Convener of the Justice Committee
- In office 14 May 2007 – 21 February 2011
- Preceded by: Pauline McNeill
- Succeeded by: John Lamont

Member of the Scottish Parliament for Glasgow (1 of 7 Regional MSPs)
- In office 6 May 1999 – 22 March 2011

Personal details
- Born: William Mackie Aitken 15 April 1947 (age 78) Glasgow, Scotland
- Party: Conservative
- Profession: insurance, legislator

= Bill Aitken (politician) =

Scottish politician (born 1947)

William Mackie Aitken (born 15 April 1947) is a Scottish Conservative politician. He was a Member of the Scottish Parliament (MSP) for Glasgow from 1999 to 2011, Scottish Conservative Spokesperson for Justice, and Convener of the Justice Committee from 2007 to 2011.

==Background, education and career==
Aitken was born in Glasgow, and educated at Allan Glen's School in the city and Glasgow College of Technology (now Glasgow Caledonian University). He worked in the Financial Services/Insurance Industry for 34 years (1965–1999). He is a supporter of Partick Thistle Football Club. His interests include sports, reading and foreign travel.

Following involvement in youth politics he was elected a Glasgow City Councillor in 1977 for the Anniesland ward, subsequently becoming the Convener of the Licensing Committee and Vice Convener of the Personnel Committee. He served as Leader of the Opposition for two terms prior to becoming MSP for Glasgow in 1999. He was a District Court Judge (1985–2000), and is also a Justice of the Peace and a Deputy Lord Lieutenant of the Glasgow City Council (1993–present).

Following his election to the Scottish Parliament, he became Conservative Party Spokesman on Housing and Justice prior to becoming Chief Whip in 2003. He then became Scottish Shadow Cabinet Secretary for Justice and also the Convener of the Parliament's Justice Committee. He was a trustee of the Scottish Parliamentary Contributory Pension Fund.

On 19 May 2010, it was announced that he would step down at the next Holyrood election, to be held on 5 May 2011.

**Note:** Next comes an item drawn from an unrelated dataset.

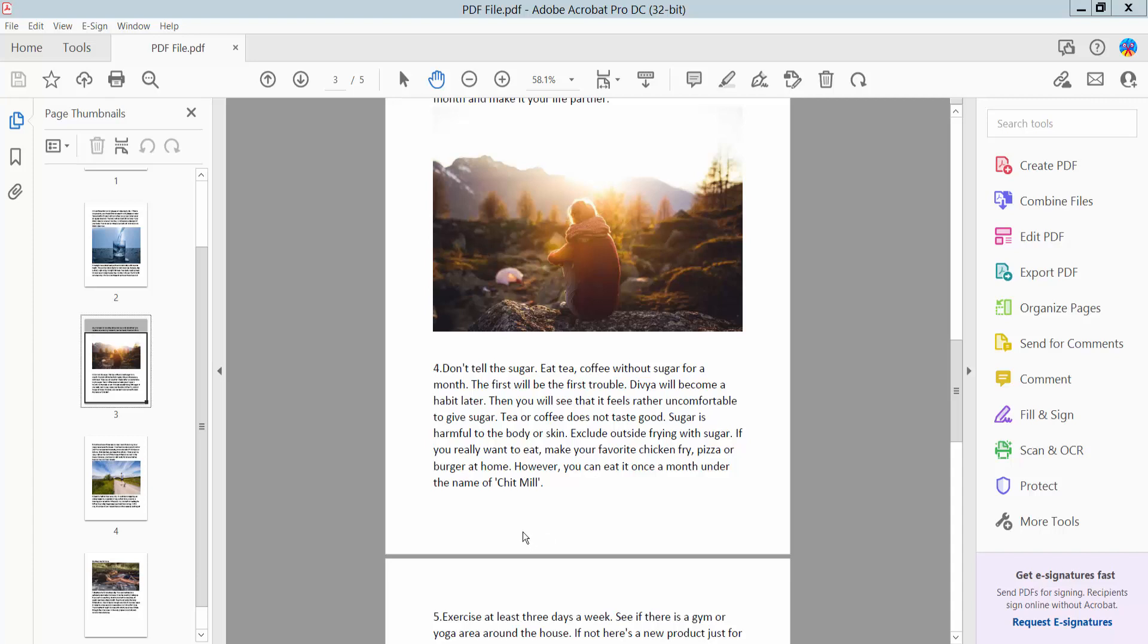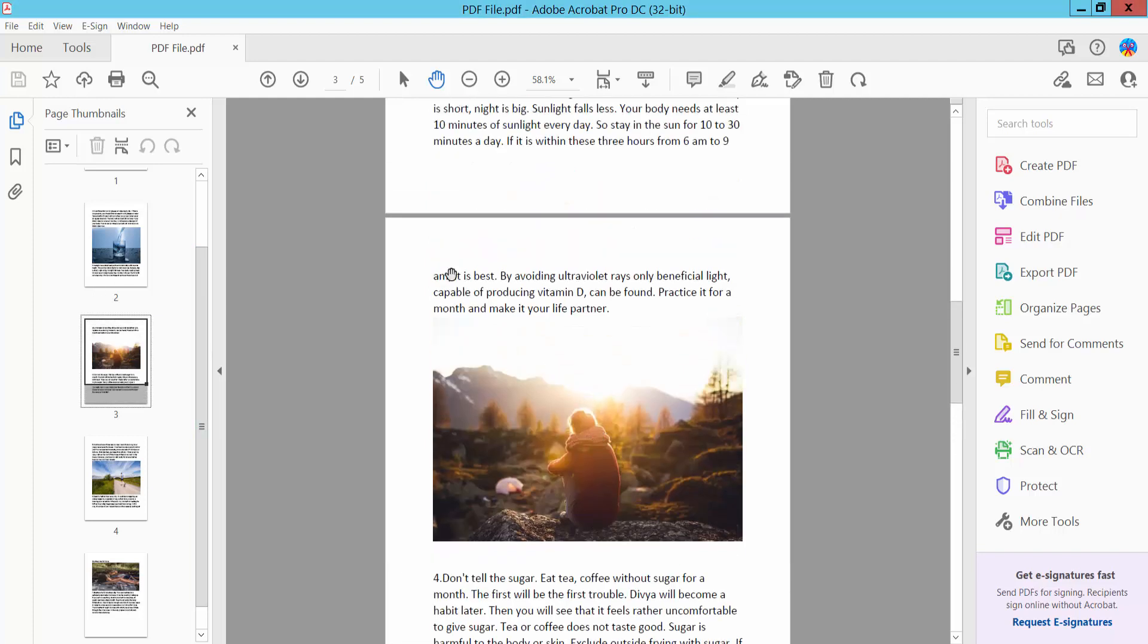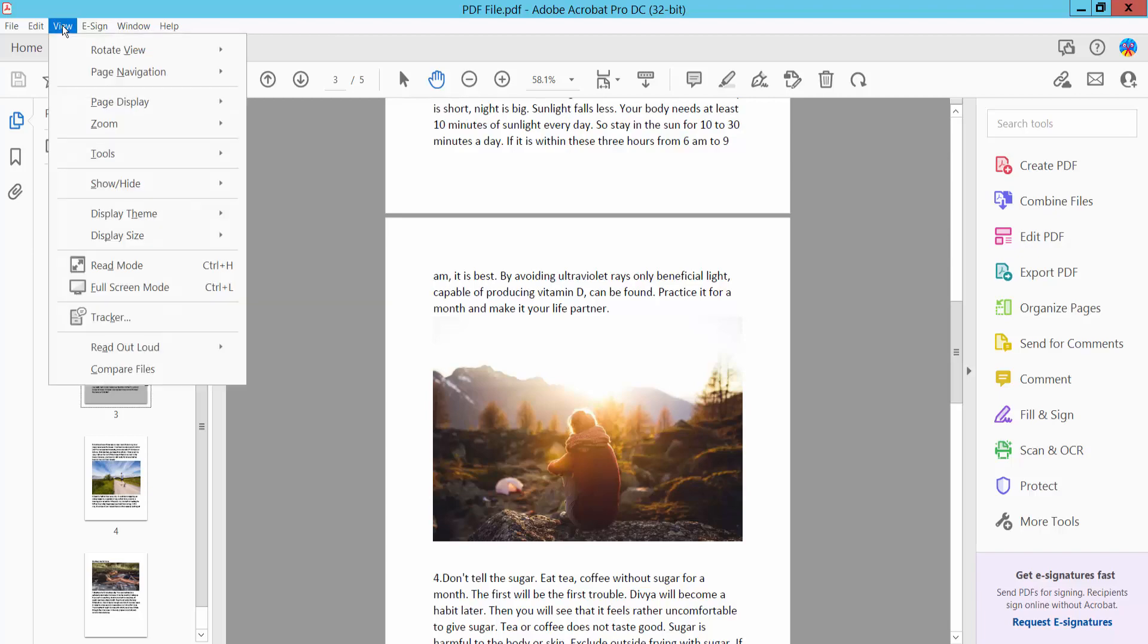Hello everyone, today I will show you how to remove or disable page transition from a PDF file using Adobe Acrobat Pro DC. First, open your PDF file. Now I select our PDF file with page transition. Now click View option and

In February 2011 he caused controversy when he suggested that a woman who was recently gang raped in Glasgow may have been a prostitute, as the victim claimed that she was dragged from one side of the city centre to another, a location known for prostitution. On 21 February 2011 he resigned as Convenor of the Scottish Parliament justice committee in response to this controversy.